Razia Shaikh looked up to the sky, her eyes glistening with tears as a Koran sat in her lap, seeking divine justice for one missing daughter and another slain by vengeful relatives in the name of “honor.”
The widow, in her 40s, wails as she shows two photographs of her daughter: bright-eyed and vivacious in one; in the other, cold and lifeless in her white burial cloth.
Shaikh is one of countless mothers to suffer the misery of karo-kari, murders carried out supposedly to preserve family honor or avenge some perceived slight.
Photo: AFP
The Aurat Foundation, a campaign group that works to improve the lives of women in Pakistan’s conservative, patriarchal society, says that more than 3,000 woneb have been killed for “honor” since 2008.
Sitting on a traditional charpoy bed outside her one-room home in Sachal Shah Miani village off the bank of the Indus River in southern Sindh Province, Shaikh recounts her tale of woe.
It began when her elder daughter, Khalida, went missing from the home of her in-laws in the southern port city of Karachi in 2010.
What became of Khalida is unclear, but the in-laws blamed Shaikh, a widow struggling to keep her dignity despite extreme poverty.
As Shaikh was grieving for her missing daughter, her in-laws started demanding she marry her younger daughter, Shahida, to another of their sons.
Shaikh refused and three men broke into her home, shooting Shahida in the back. They justified the murder by accusing her of adultery and have not been punished.
“For the sake of Allah, I appeal to the ministers, the judges and the police to get me justice,” Shaikh said.
Government efforts to crack down on these attacks have had little success and the killings remain a particular problem in poor and rural areas of Pakistan. In the absence of material wealth, concepts of honor and preserving the family’s good name are highly valued.

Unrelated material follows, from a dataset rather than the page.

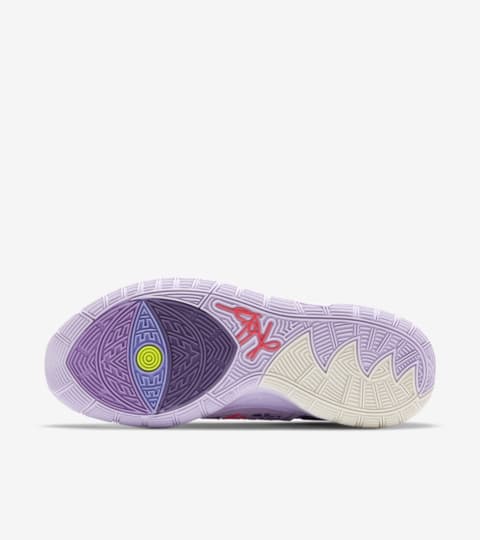 kyrie asia black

Moreover, Pakistani law allows the victim’s relatives to “forgive” the killer in return for blood money, so if the relatives themselves arranged the killing, prosecution can be avoided.
Marriages in Pakistan are usually arranged and are often between cousins, which can add a further motive in the form of rows over dowries.
Female police officer Irum Awan heads a special force set up in Sindh in 2008 to fight the menace.
“In most cases, ‘honor’ is just a pretext, whereas the real motive is that they don’t want to give the shares in property to their sister or daughter,” Awan said.
It is not only women who suffer and not only matters of love and marriage that lead to such killings.
Criminal justice in Pakistan is deeply mired in local politics, particularly in areas like Sindh where society remains largely feudal, with huge power concentrated in the hands of big hereditary landowners.
Questions of “honor” can be invoked to settle other disputes too.
In a small village west of the town of Sukkur, Mohammad Hasan lives in hiding after being declared kara (a dishonorable man) by the local feudal landlord.
“I was declared kara after a dispute that started about land which was mine. They wanted to capture my land,” Hasan said in a tiny house in a scruffy alley by an open sewer.
The landlord sent his men to threaten Hasan, giving him the choice of surrendering his land — his only source of income — paying 800,000 rupees (US$7,870) to settle the dispute, or facing the consequences.
“My life is in danger, they have already attacked me three times,” Hasan said. “I am a poor man, I am just sitting at home and hiding here and there. He [the landlord] is an influential man, he can do anything with me.”
The abuse of women and poor men under the guise of “honor” has gone on for centuries across South Asia, but the British colonial rulers suppressed the practice.
“In the British rule, they would hold responsible and round up the whole village where the karo-kari would take place, and thus the menace vanished during that time,” said Javed Alam Odho, police chief of the Sukkur region.
However, now, weak law enforcement and poor prosecution, often influenced by powerful people, keep the killers at large.
Awan admits her frustration at the way suspects are able to work the system to avoid justice.
“Some days ago we conducted, you won’t believe, more than 10 raids to arrest a person who killed his wife, but when we produced him before the honorable judge, he released him on bail,” she said.
Annually, estimates suggest more than 350 murders are committed in the name of honor in Sindh.
“If you look at the Sindhi newspapers, two to three incidents are reported daily and this is a routine,” said Khalid Banbhan, bureau chief of Ibrat, a prominent Sindhi-language daily.
Covering the problem in rural areas is a challenging task for local journalists, who are exposed to the wrath of local feudal chieftains who are usually powerful enough to have troublemakers punished, or even killed, with few repercussions.